ABSTRACT

The European Union (EU), with twenty-seven member states, over 450 million citizens, a total gross domestic product (GDP) greater than that of the United States, and the world’s largest trading block, is an influential international economic force, with both positive (development aid, loans, free-trade agreements, potential membership) and negative (embargo, tariffs, withdrawal of aid) means of economic influence. Such means are frequently effective in promoting political goals such as regional stability, democracy and human rights (Zielonka, 1998a; Solana, 2005). However, these capabilities have not always proven sufficient.
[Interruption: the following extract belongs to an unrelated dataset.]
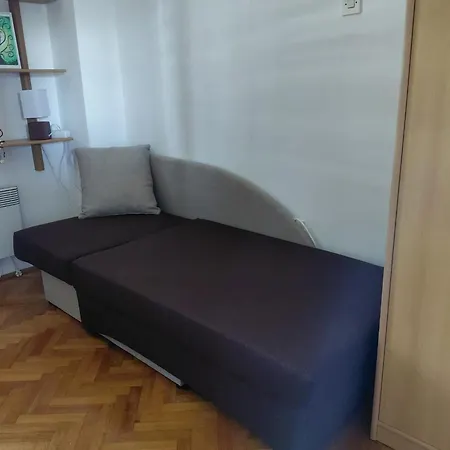 Apartment Marija *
In fact, the inability of the EU to address the wider and more diverse set of security threats that have come to dominate the international system-humanitarian crises, migration, ethnic conflicts, civil war, and various types of terrorist activities-has given rise to criticisms of the paradoxical nature of the union: striving for a strategic impact on Europe and elsewhere without any specific strategy; aspiring to be a powerful international actor while rejecting ideas of a European supra-state; favoring strong Atlantic ties coupled with strong autonomous institutions; and, critically, aspiring to prevent and manage crises without the political determination to acquire the means necessary to do so (Zielonka,1998a, 11; 1998b, Introduction; Sandström, 1998; Ojanen, 2000).